On Habré already talked a lot about
the Bloom filter . Let me remind you that this is a data structure that allows you to check whether an element belongs to a set without keeping the element itself. There is a possibility of a false positive response, but a negative response is always reliable. In the filter with an accuracy of 1%, only a few bits per element are required.
This structure is often used to limit the number of requests to the data warehouse, cutting off requests for items that are not there. In addition, it can be used for an approximate calculation of the number of unique events, users, views, etc.
More examples of interesting applications.However, there are difficulties that can deter web developers from applying the Bloom filter.
Storage
All web application instances on all servers should have access to some common data set with the ability to quickly change or check several bits in a large bit vector. In addition, the data must be securely saved to disk.
')
Hashing
In order to practice getting closer to the theoretical working parameters of the Bloom filter, you need to do a neat job with hashes from the source element. A filter of length
m bits c
k hash functions requires that you form
k independent values from the source element,
uniformly distributed from 0 to
m -1.
Most implementations that I saw use 32-bit murmurhash at best, adding salt for each successive hash, depending on the number of that hash. There is no evidence that this approach does not increase the asymptotic probability of a false positive.

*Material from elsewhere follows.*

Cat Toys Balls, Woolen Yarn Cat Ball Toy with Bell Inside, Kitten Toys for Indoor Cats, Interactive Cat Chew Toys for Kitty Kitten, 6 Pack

In addition, if a 32-bit hash is used, this sets the upper limit of the filter size to 512 megabytes. This is not small, but not much, especially if you need a very low percentage of false positives and / or an impressive number of elements in the filter.
In my opinion, there are not very many ways to get an arbitrary number of hash functions with values in the desired range, and so that they use only the information entropy of the original message:
- Cut in equal parts the output of one fairly wide function. In this case, the function must have a parametric output width in bits, so that it does not have to discard the useful bits.

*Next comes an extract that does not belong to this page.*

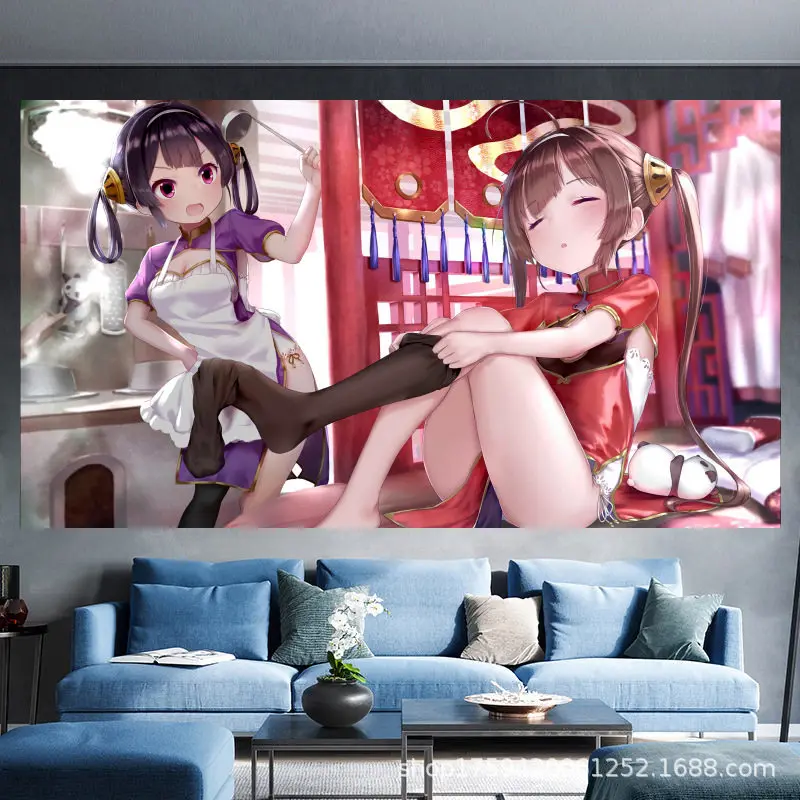 Azur Lane Anime Printed Tapestry Maid Costume Beautiful Girl INS Style Wall Decor Tapestry for Dorm Bedroom Atmosphere Tapesry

- Have only two independent hash functions of variable width h 1 and h 2 and form the derivatives of the function g i by the formula h 1 + i * h 2 (modulo the number of function values). I learned about this method recently from here .
Performance
In order for this construct to be used in deterring requests to the repository, it must respond at least an order of magnitude faster than the protected repository.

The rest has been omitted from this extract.